Facts to set the stage: Cooley enrolls more law students
than any other law school in the country, about 4000 in 2010-2011, 82% of them
part-time. It costs an estimated $52,000
per year in total. Its dean is one of
the highest-paid law school deans in the country, and it also continued to pay
its former dean and founder roughly $370,000 per year. US News
says it has the lowest admissions standards of any accredited/provisionally
accredited law school in the country: 83% of all applicants, 15% more than the
second least selective school. Mean
LSATs and undergraduate GPAs for incoming students were also the lowest in that
set. And it has low retention rates: in
2008, about 32% of the students who enrolled failed to enter their second year;
10% of second-year students failed to enter their third year; 3% of third-year
students failed or dropped out.
Graduates have an average of over $100,000 in student loan debt.

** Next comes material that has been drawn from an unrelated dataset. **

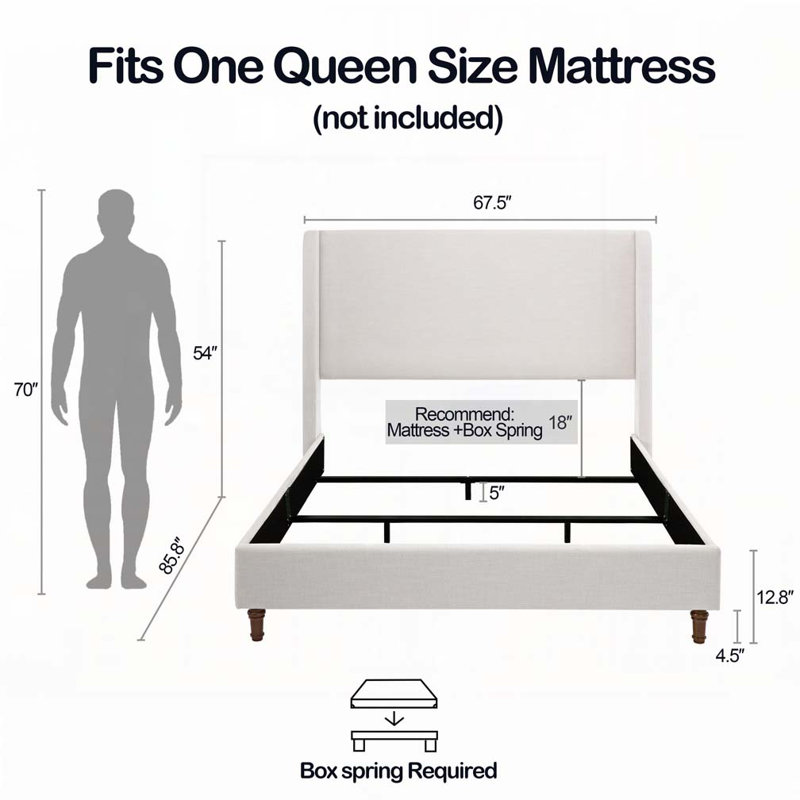 Chenille  Upholstered Wingback Bed, Queen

Plaintiffs alleged that they enrolled at and continued at
Cooley to better themselves through the attainment of full-time legal
employment, relying on the employment and salary report Cooley provided on its
website. The reports purported to show,
for a given class year, the percentage of graduates employed, the average
starting salary of graduates, the percentages of graduates employed in various
sectors—private practice, government, public interest, academic, judicial
clerkship, and business—and the average starting salary in each sector. Cooley produced these reports by sending
surveys to graduates; for example, 83% of 2010 graduates provided the basis for
the 2010 report. Cooley didn’t audit or
verify the responses.
Plaintiffs identified two misrepresentations on which they
relied: (1) The percentage of graduates employed within 9 months of graduation,
in 2010 listed as 50% private practice, 15% government, 2% public interest, 3%
academic, 3% judicial clerkship, and 18% business. (2) The average starting salary, listed for
all graduates in 2010 as $54,796.
However, plaintiffs alleged that their actual employment prospects were
quite different; most had difficulty finding full-time paying jobs as lawyers. They weren’t alone; twice as many people
passed the bar as there were job openings.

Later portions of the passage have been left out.